(Beginning of Data shown)

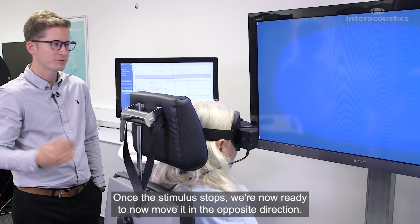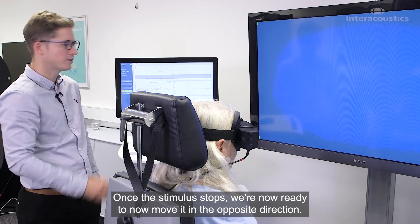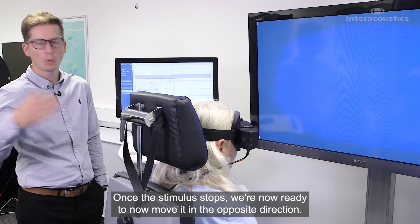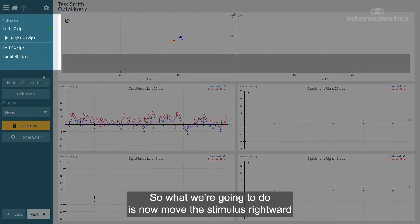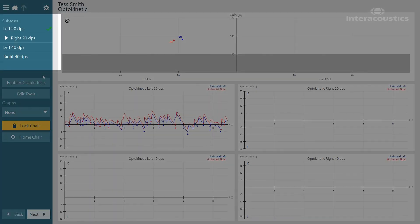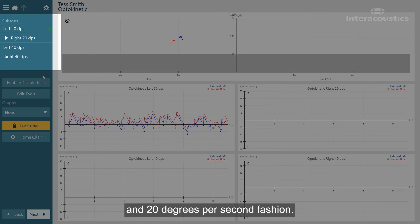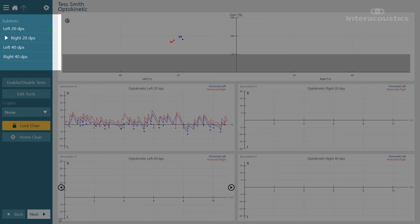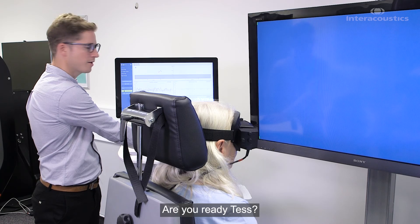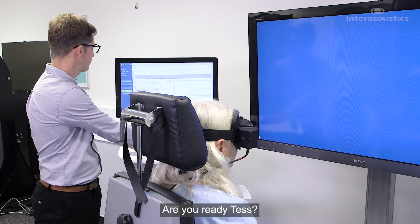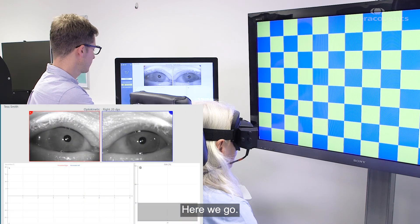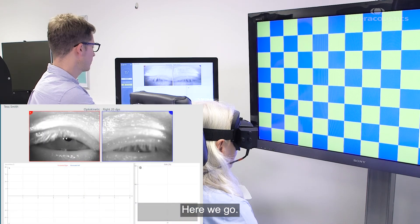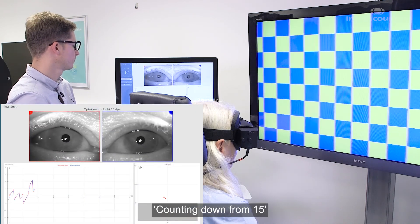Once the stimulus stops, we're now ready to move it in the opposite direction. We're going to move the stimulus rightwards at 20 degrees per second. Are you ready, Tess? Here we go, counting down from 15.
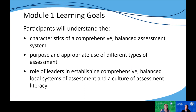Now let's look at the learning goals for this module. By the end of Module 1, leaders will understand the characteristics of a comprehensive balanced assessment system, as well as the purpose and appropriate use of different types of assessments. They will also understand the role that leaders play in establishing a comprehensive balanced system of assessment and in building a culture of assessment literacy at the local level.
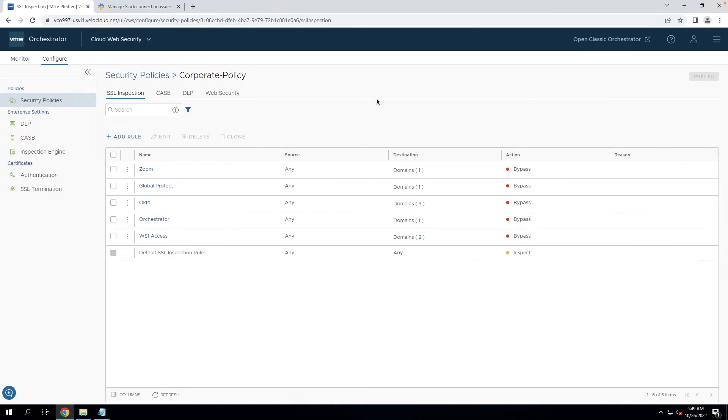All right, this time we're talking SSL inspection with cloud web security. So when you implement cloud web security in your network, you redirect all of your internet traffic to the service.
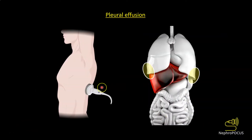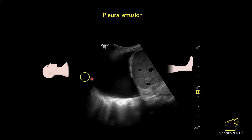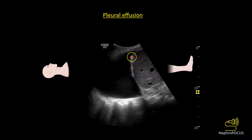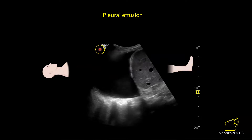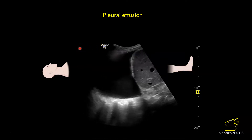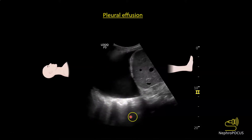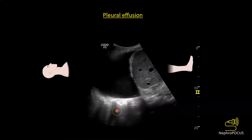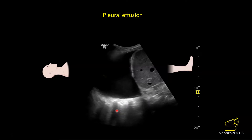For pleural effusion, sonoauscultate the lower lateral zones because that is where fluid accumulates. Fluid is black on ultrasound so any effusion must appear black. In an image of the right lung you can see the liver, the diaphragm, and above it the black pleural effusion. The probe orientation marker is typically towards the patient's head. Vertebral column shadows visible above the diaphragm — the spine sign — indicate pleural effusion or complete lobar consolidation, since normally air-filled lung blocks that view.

(End of Data shown)

◆ About this task:
Each word of the data should be repeated exactly, and the pictures left out.

◆ Task solution:
Once the stimulus stops, we're now ready to move it in the opposite direction. We're going to move the stimulus rightwards at 20 degrees per second. Are you ready, Tess? Here we go, counting down from 15.
Now let's look at the learning goals for this module. By the end of Module 1, leaders will understand the characteristics of a comprehensive balanced assessment system, as well as the purpose and appropriate use of different types of assessments. They will also understand the role that leaders play in establishing a comprehensive balanced system of assessment and in building a culture of assessment literacy at the local level.
All right, this time we're talking SSL inspection with cloud web security. So when you implement cloud web security in your network, you redirect all of your internet traffic to the service.
For pleural effusion, sonoauscultate the lower lateral zones because that is where fluid accumulates. Fluid is black on ultrasound so any effusion must appear black. In an image of the right lung you can see the liver, the diaphragm, and above it the black pleural effusion. The probe orientation marker is typically towards the patient's head. Vertebral column shadows visible above the diaphragm — the spine sign — indicate pleural effusion or complete lobar consolidation, since normally air-filled lung blocks that view.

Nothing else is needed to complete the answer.